Exercise requirements: What you give must be the lines from the one containing "A floating structure" through the last line of the listing below, exactly, with nothing else and no pictures.

Records to process:
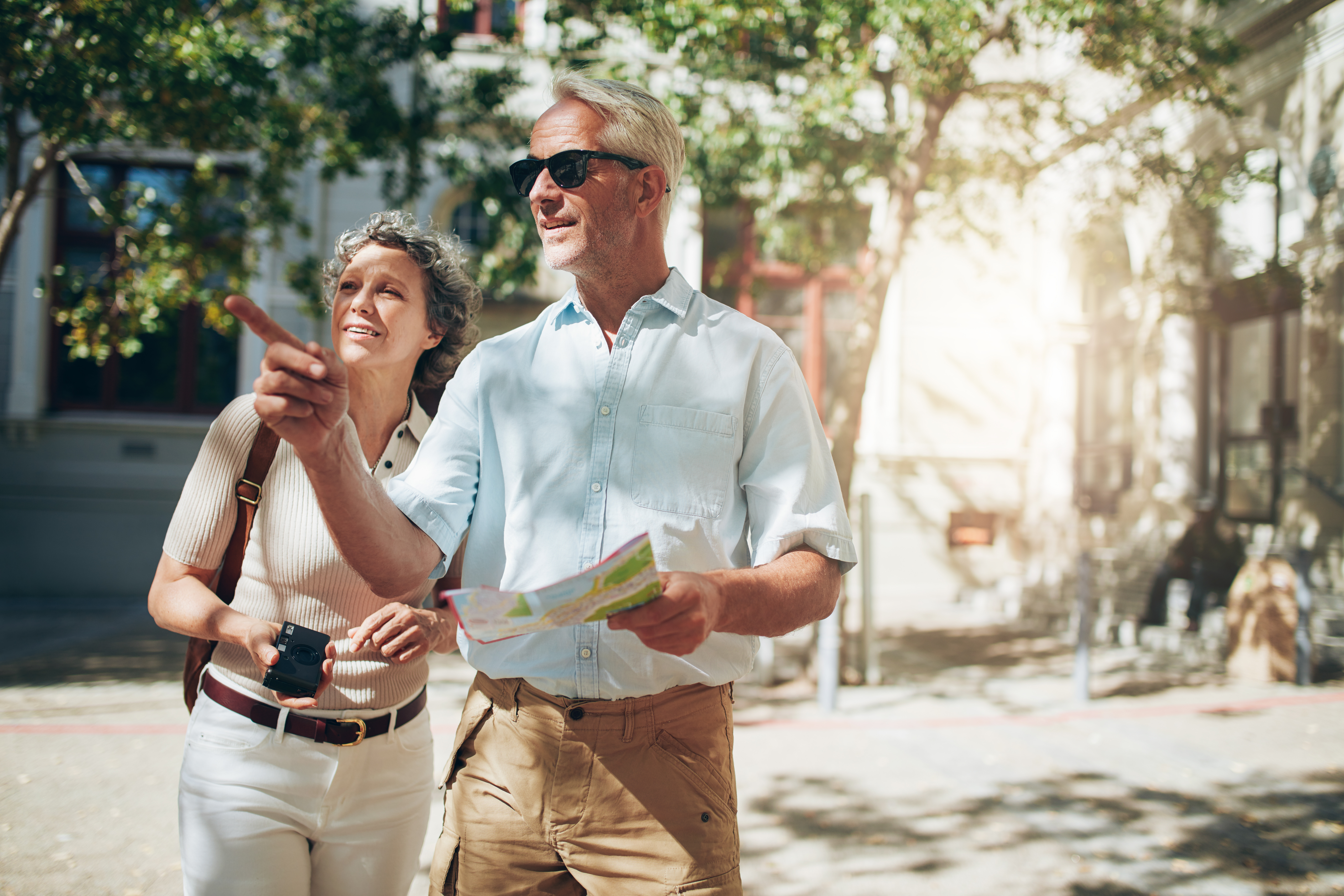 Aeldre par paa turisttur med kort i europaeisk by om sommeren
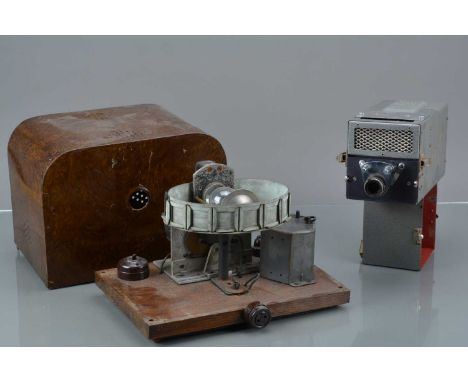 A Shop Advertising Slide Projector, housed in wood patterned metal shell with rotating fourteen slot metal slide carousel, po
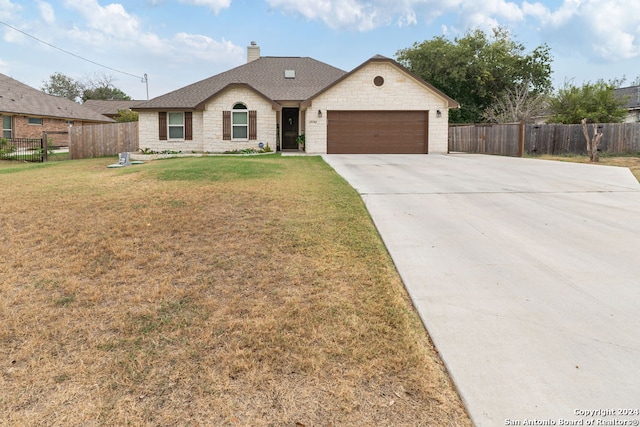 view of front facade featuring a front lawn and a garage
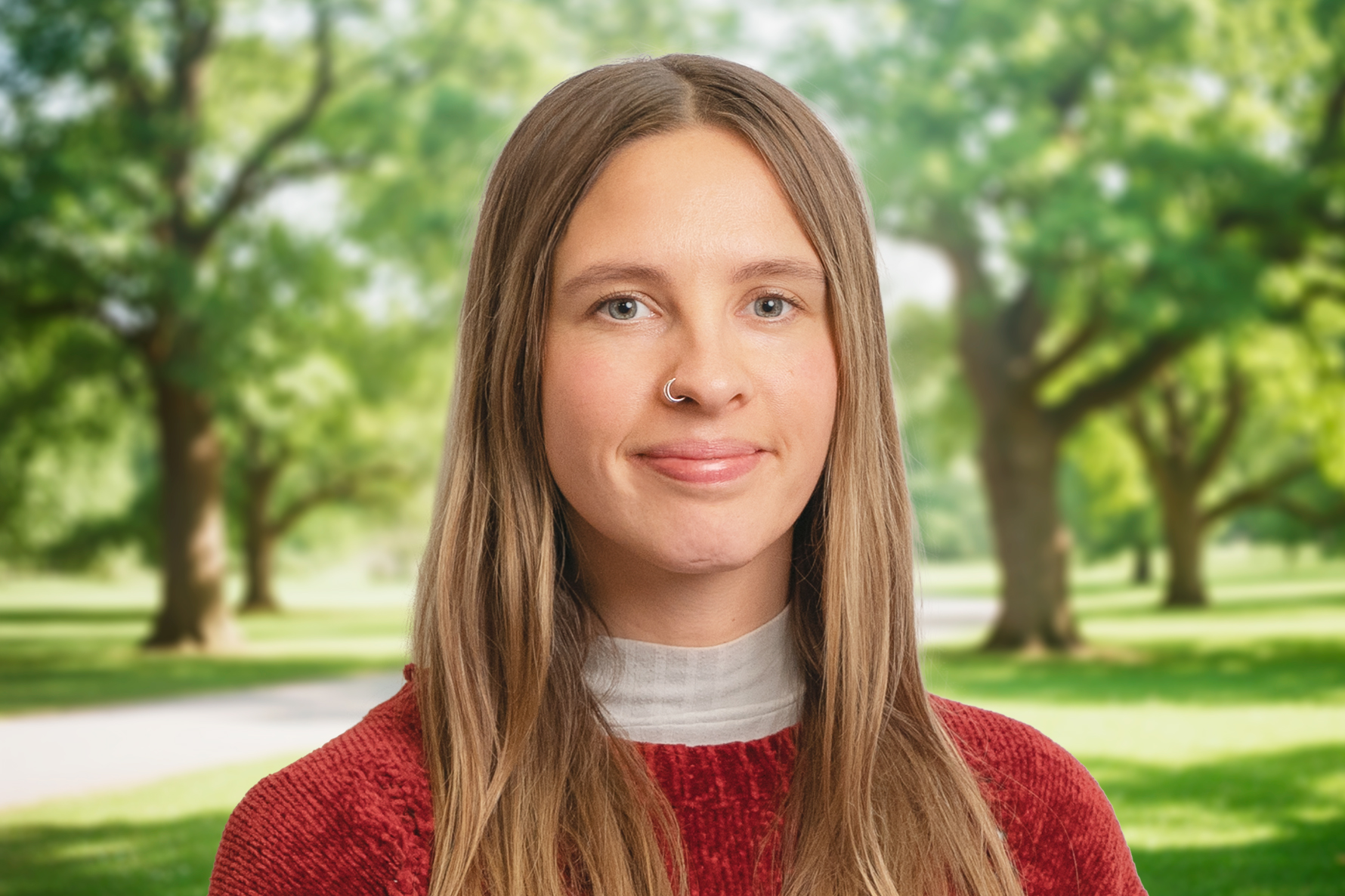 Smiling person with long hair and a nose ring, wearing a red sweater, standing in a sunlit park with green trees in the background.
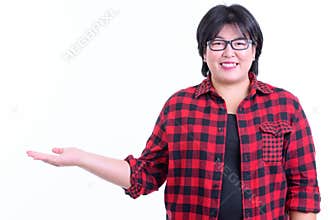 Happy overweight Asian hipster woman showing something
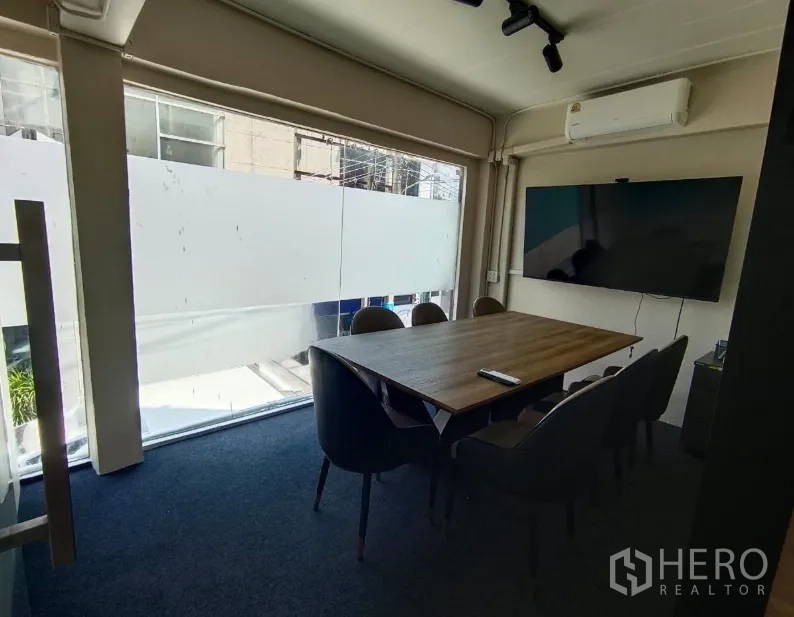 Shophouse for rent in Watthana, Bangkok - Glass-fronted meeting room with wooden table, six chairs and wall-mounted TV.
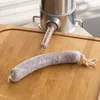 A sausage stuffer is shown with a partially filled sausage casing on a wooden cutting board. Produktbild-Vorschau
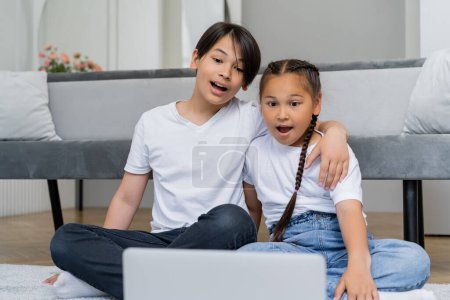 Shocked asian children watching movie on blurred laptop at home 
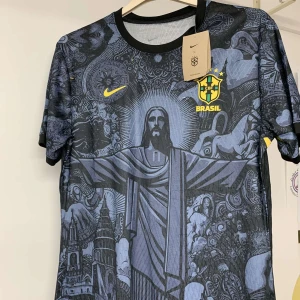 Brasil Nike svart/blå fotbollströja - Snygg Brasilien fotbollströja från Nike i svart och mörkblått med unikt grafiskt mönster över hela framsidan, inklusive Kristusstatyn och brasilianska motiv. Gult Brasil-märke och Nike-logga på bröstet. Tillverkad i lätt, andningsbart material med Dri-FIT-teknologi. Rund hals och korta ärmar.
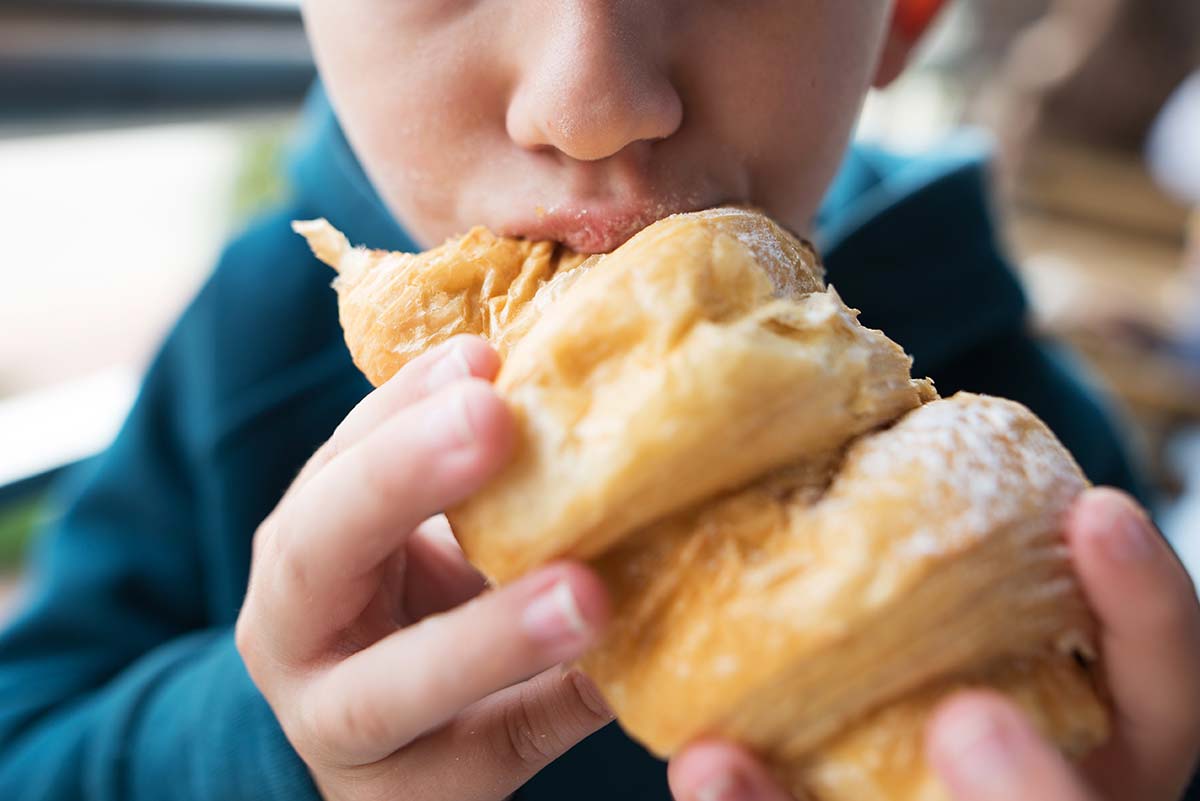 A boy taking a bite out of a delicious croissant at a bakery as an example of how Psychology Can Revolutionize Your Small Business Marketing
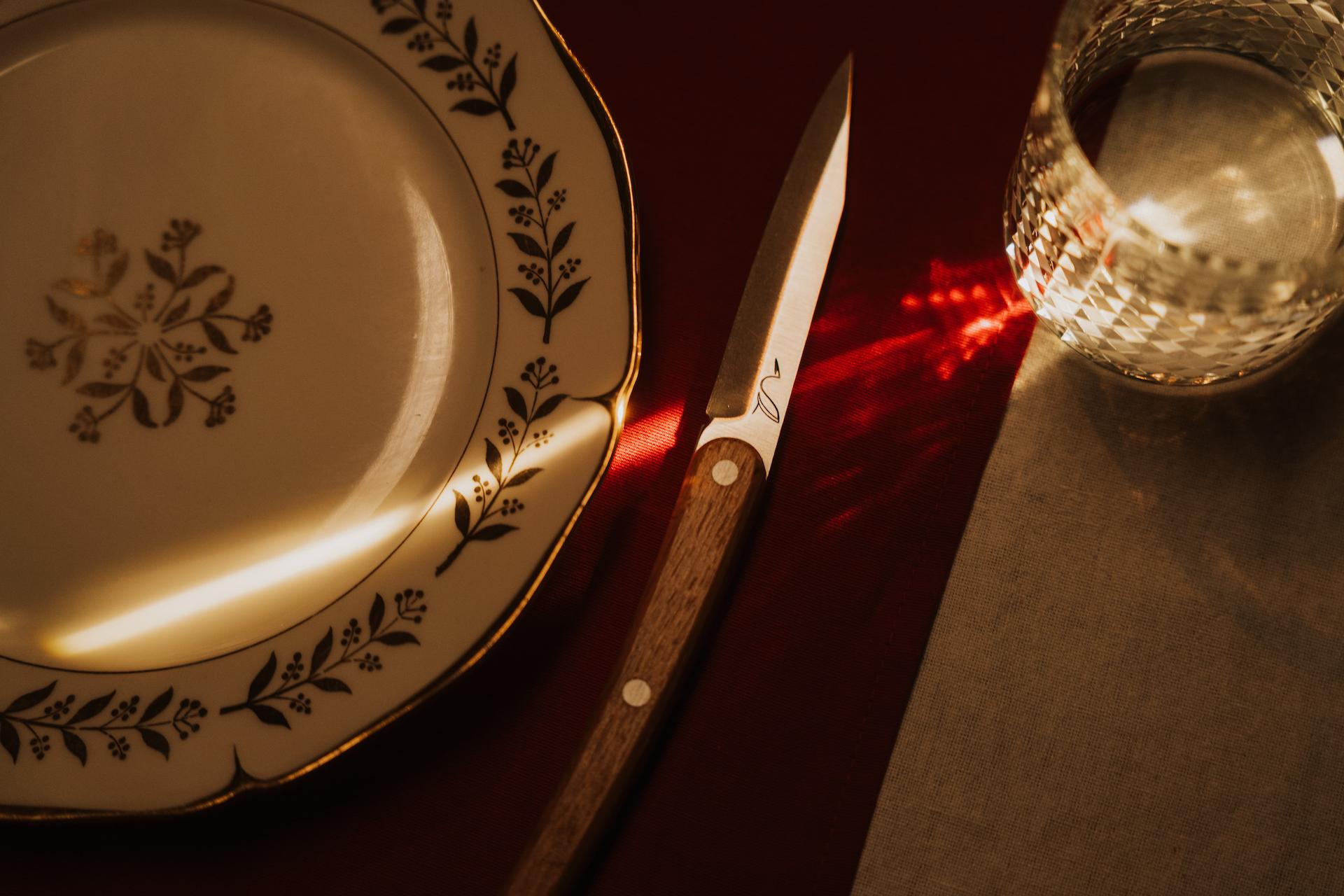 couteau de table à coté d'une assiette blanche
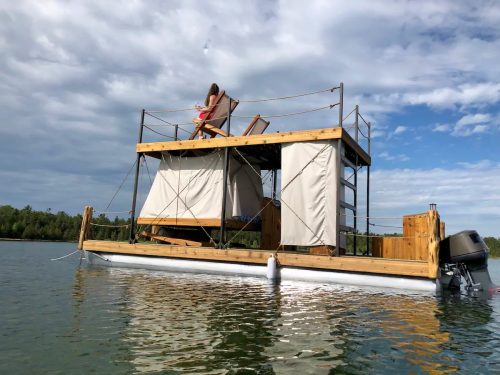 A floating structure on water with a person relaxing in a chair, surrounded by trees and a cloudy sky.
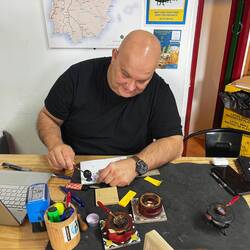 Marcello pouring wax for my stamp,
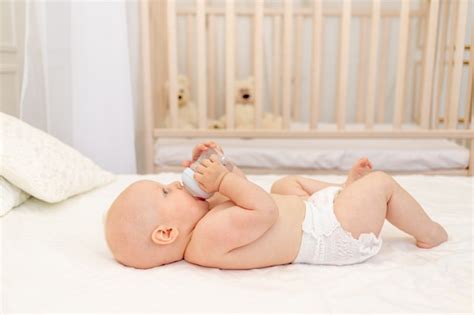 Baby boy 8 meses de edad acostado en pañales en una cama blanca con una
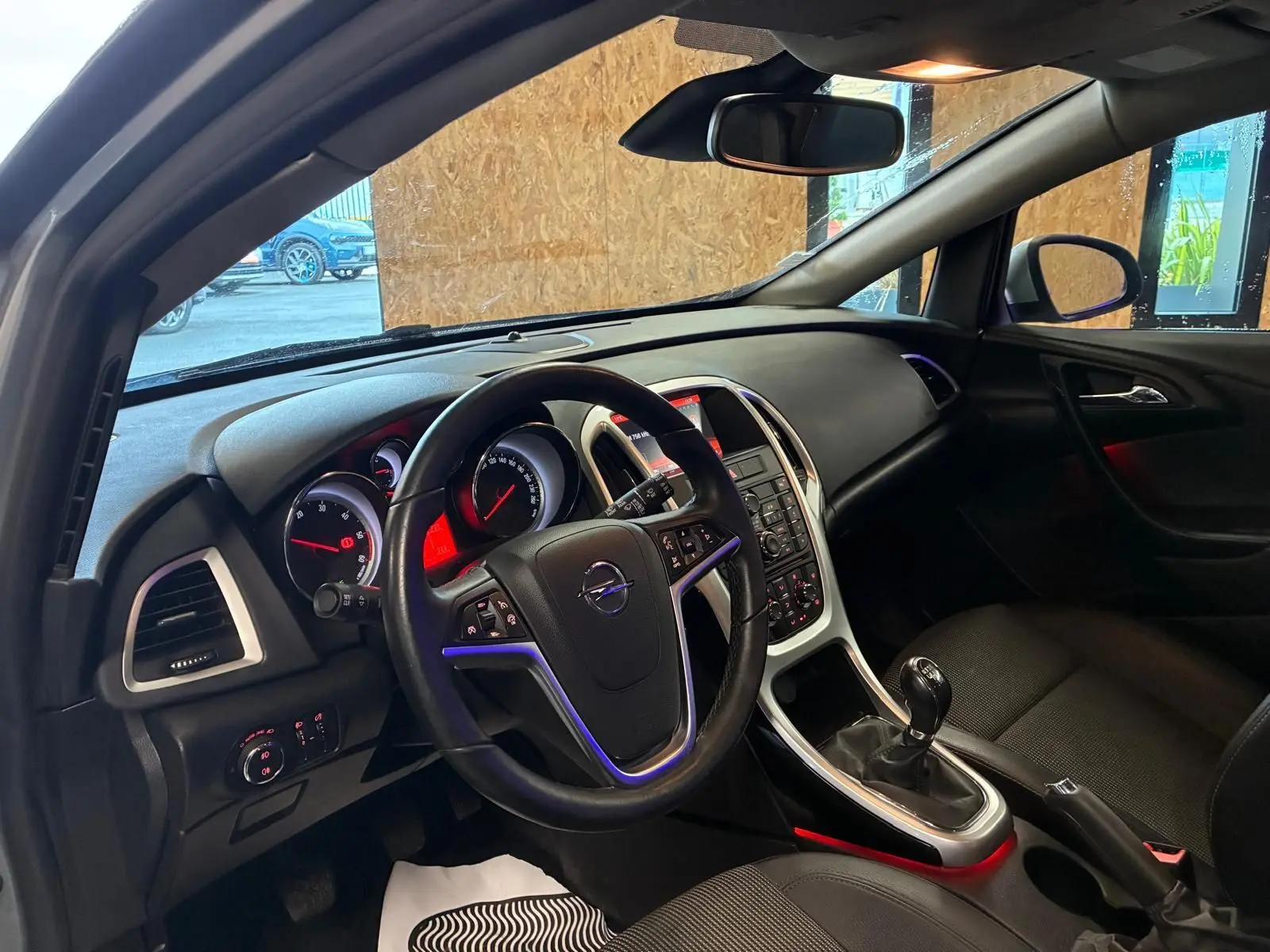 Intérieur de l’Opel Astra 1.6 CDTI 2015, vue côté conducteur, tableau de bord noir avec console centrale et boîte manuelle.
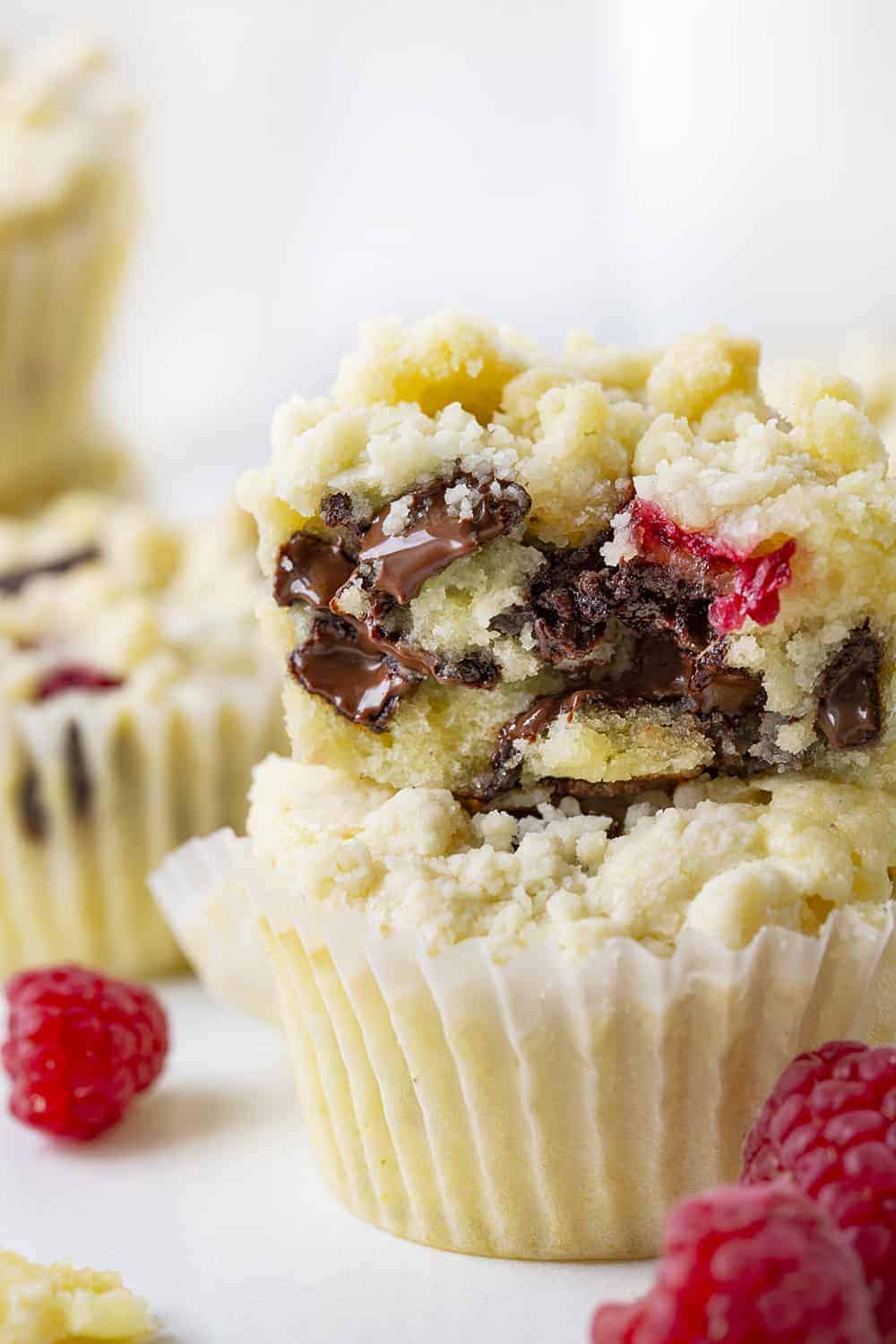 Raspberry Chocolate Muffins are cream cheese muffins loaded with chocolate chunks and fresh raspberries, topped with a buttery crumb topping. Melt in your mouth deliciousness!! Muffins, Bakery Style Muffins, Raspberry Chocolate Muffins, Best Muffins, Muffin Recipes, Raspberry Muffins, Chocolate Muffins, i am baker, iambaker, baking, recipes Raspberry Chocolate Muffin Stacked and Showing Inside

Exercise solution:
 A floating structure on water with a person relaxing in a chair, surrounded by trees and a cloudy sky.
 Marcello pouring wax for my stamp,
 Baby boy 8 meses de edad acostado en pañales en una cama blanca con una
 Intérieur de l’Opel Astra 1.6 CDTI 2015, vue côté conducteur, tableau de bord noir avec console centrale et boîte manuelle.
 Raspberry Chocolate Muffins are cream cheese muffins loaded with chocolate chunks and fresh raspberries, topped with a buttery crumb topping. Melt in your mouth deliciousness!! Muffins, Bakery Style Muffins, Raspberry Chocolate Muffins, Best Muffins, Muffin Recipes, Raspberry Muffins, Chocolate Muffins, i am baker, iambaker, baking, recipes Raspberry Chocolate Muffin Stacked and Showing Inside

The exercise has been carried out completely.